*** Block opens ***

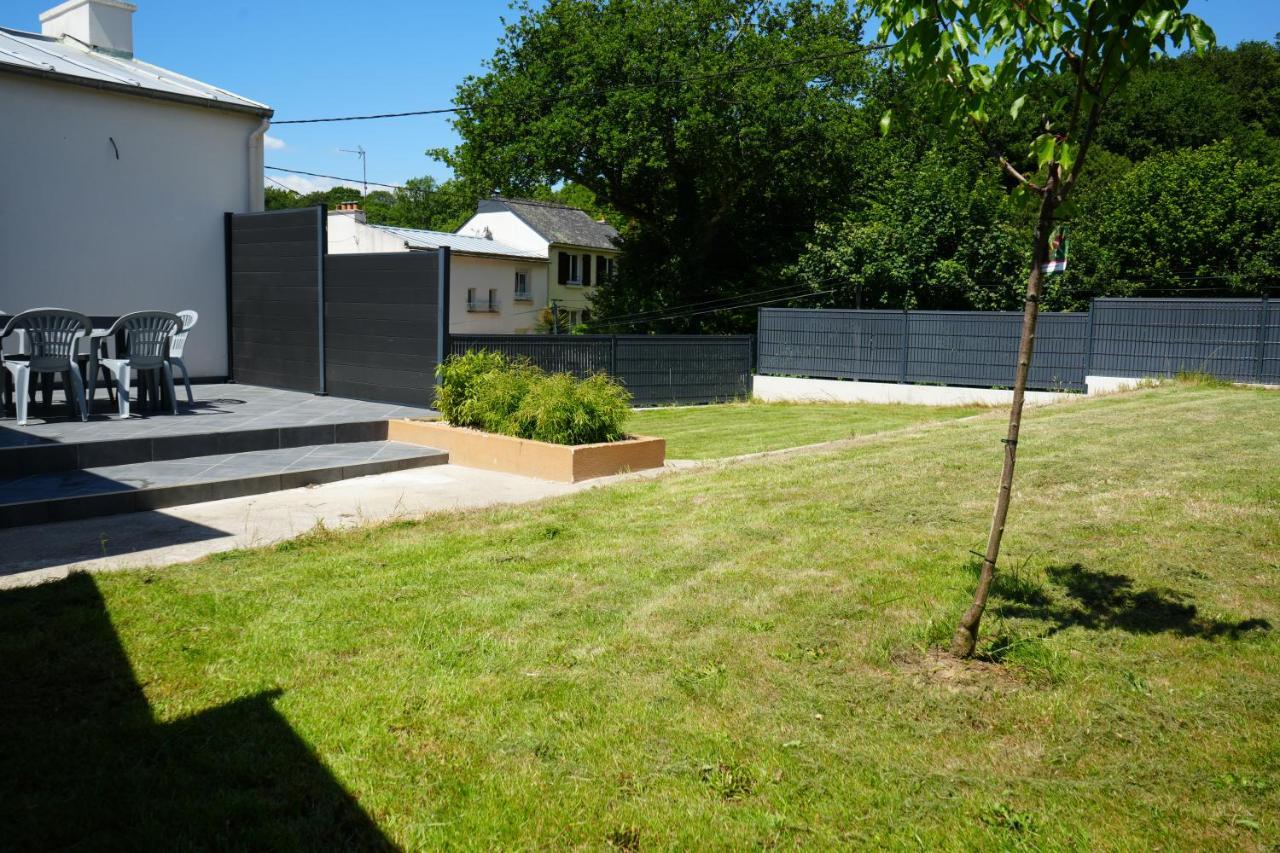 Maison Contemporaine Aux Portes De Brest Bohars Zewnętrze zdjęcie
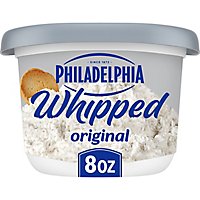 Philadelphia Original Whipped Cream Cheese Spread Tub - 8 Oz - Image 3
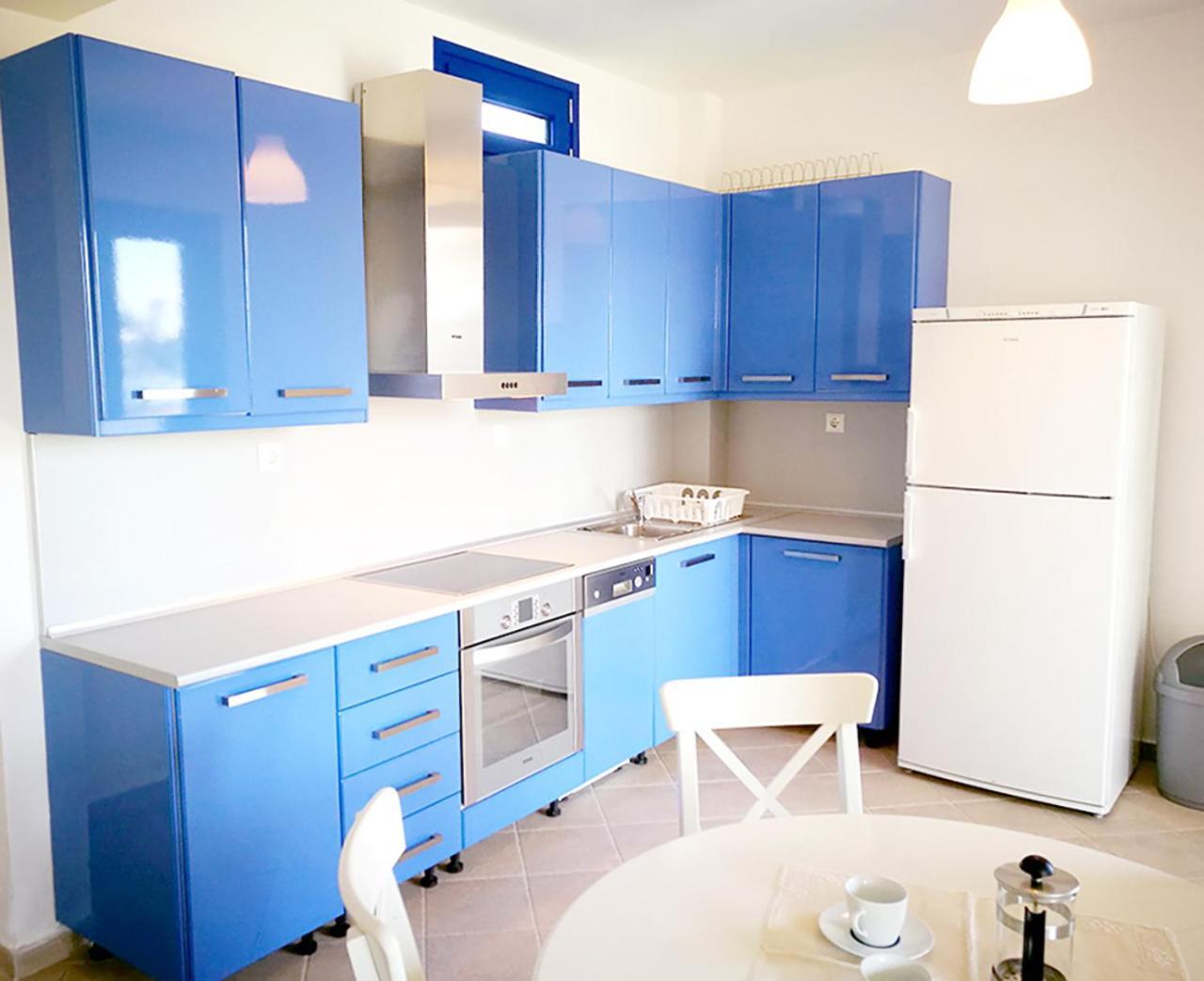 Olive Bay Hilltop Apartments Amolianí Rom bilde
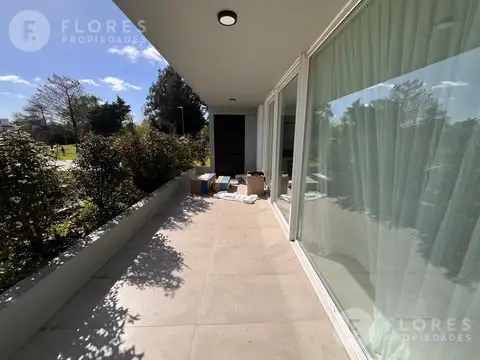 Departamento en Alquiler con 1 cocheras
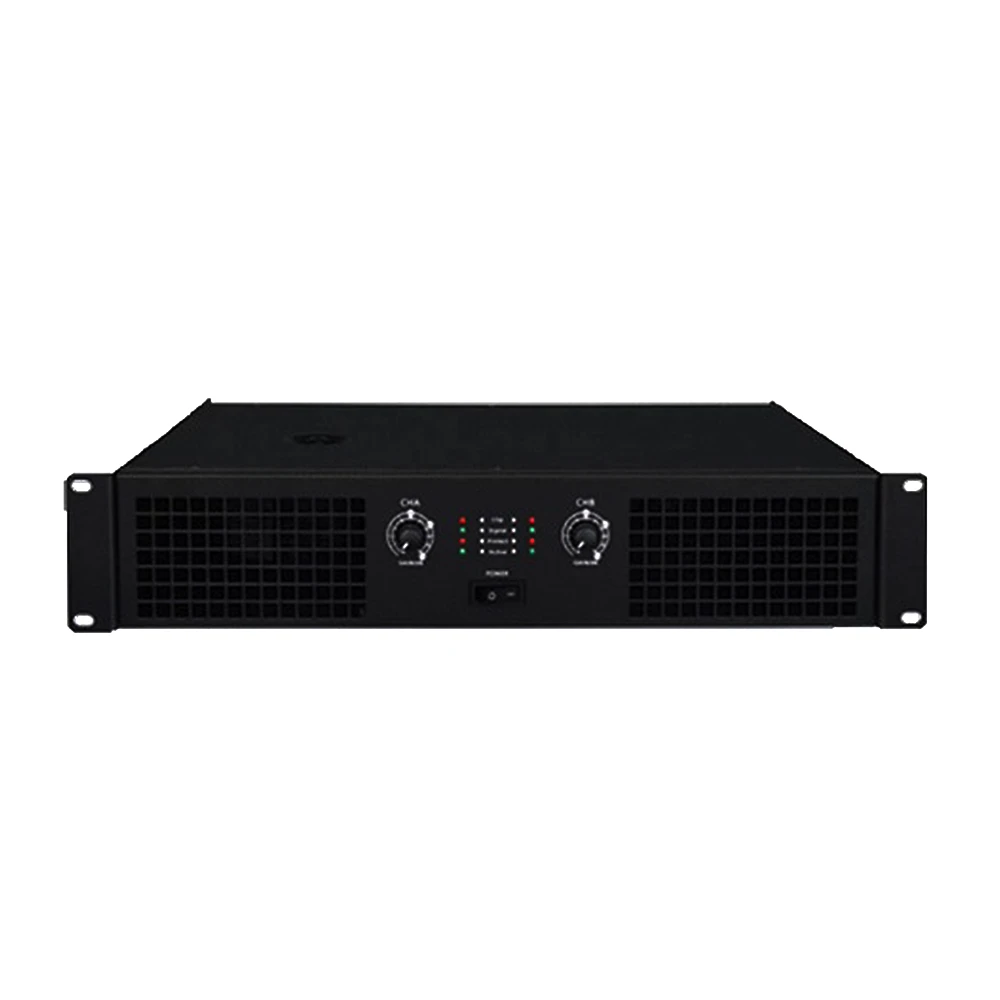 Professional Power Amplifier KM-A200-A400 view 3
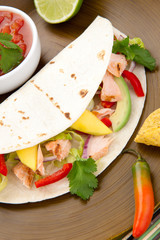 Fish Tacos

*** Block closes ***

## TO DO
Nothing but an exact copy of the data, without pictures, should be returned.

## ANSWER BOX
 Maison Contemporaine Aux Portes De Brest Bohars Zewnętrze zdjęcie
 Philadelphia Original Whipped Cream Cheese Spread Tub - 8 Oz - Image 3
 Olive Bay Hilltop Apartments Amolianí Rom bilde
 Departamento en Alquiler con 1 cocheras
 Professional Power Amplifier KM-A200-A400 view 3
 Fish Tacos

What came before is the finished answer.